Jamaican-born American Dr Susan M Collins
by Desmond Allen
Jamaican-born American Dr Susan M Collins, who, in July this year will become the first black woman to head a federal reserve bank in the US, was inspired to become an economist by observing social and financial hardships in the land of her birth.
Collins’ appointment as president and chief executive officer of the Federal Reserve Bank of Boston, Massachusetts – one of 12 branches in the US — was announced earlier this month, drawing high praise for her qualification and leadership abilities.
“This is a brilliant appointment,” Lisa Lynch, a Brandeis University professor and former chair of the Boston Fed, was quoted as saying by ABC News. “She is a tested leader with the expertise and demeanour to be a strong voice at the Federal Reserve in Washington and the New England business community.”
Dr Christina Paxson, president of Brown University and chair of the Boston Fed board who led the search committee, said: “After an intensive search, we are thrilled to appoint this exceptionally well-qualified person to be the bank’s president and a key leader in the Federal Reserve System.”

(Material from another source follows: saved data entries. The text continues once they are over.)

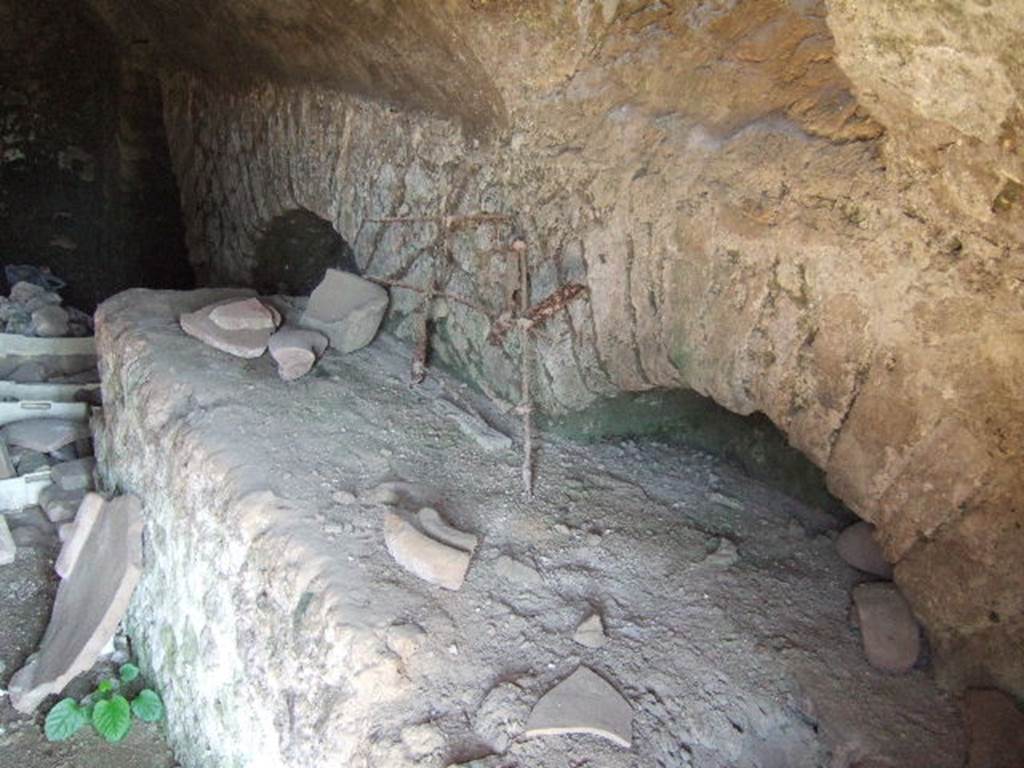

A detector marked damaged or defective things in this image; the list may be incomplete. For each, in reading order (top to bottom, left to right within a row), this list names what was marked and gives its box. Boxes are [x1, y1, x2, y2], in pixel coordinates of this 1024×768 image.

broken pottery fragment [30, 303, 69, 335]
broken pottery fragment [180, 299, 276, 362]
broken pottery fragment [208, 296, 282, 329]
broken pottery fragment [268, 327, 327, 382]
broken pottery fragment [301, 268, 389, 354]
broken pottery fragment [1, 417, 90, 454]
broken pottery fragment [49, 456, 95, 493]
broken pottery fragment [385, 514, 475, 593]
broken pottery fragment [835, 524, 892, 577]
broken pottery fragment [9, 495, 143, 712]
broken pottery fragment [577, 614, 606, 651]
broken pottery fragment [847, 581, 921, 671]
broken pottery fragment [528, 663, 630, 749]
broken pottery fragment [958, 688, 1024, 765]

Collins, 63, graduated summa cum laude from Harvard University in 1980 and earned her PhD in economics at the Massachusetts Institute of Technology (MIT) in 1984. She then returned to Harvard to teach.
She will also be a voting member of the central bank’s powerful Federal Open Market Committee, whose mandate is to promote full employment and stable consumer prices.
Collins grew up in Manhattan, New York, after her social anthropologist father who worked at the United Nations and university librarian mother (now deceased) migrated from Kingston. She is married with two children.